One number is the whole answer: how many lines of the records include "terms".

Data records
################

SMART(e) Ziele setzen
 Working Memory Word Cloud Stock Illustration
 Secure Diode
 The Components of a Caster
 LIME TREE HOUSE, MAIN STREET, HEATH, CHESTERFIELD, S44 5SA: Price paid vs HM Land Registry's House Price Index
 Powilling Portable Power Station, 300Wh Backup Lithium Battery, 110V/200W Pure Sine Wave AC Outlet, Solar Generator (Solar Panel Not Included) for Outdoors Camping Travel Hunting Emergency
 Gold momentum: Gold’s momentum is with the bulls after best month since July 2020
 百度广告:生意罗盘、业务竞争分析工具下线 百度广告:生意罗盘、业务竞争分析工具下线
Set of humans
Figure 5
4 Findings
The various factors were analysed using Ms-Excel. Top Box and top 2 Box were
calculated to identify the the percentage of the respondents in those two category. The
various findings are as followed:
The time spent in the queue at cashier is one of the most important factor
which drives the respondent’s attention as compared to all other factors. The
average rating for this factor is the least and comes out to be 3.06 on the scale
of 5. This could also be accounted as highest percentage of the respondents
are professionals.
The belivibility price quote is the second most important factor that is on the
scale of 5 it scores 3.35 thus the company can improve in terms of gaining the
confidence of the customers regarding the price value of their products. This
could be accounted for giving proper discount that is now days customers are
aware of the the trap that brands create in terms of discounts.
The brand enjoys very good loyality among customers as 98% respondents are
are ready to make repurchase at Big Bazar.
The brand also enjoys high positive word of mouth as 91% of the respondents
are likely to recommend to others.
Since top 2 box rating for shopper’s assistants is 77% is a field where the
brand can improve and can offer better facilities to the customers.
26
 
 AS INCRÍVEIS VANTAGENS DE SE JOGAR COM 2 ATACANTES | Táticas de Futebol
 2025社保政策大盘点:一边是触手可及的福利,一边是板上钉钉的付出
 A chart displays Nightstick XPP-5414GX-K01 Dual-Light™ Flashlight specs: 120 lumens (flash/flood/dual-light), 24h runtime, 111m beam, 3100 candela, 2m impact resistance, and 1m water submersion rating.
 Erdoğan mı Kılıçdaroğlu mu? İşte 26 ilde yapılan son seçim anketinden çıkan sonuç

################

■ **Written solution**: 2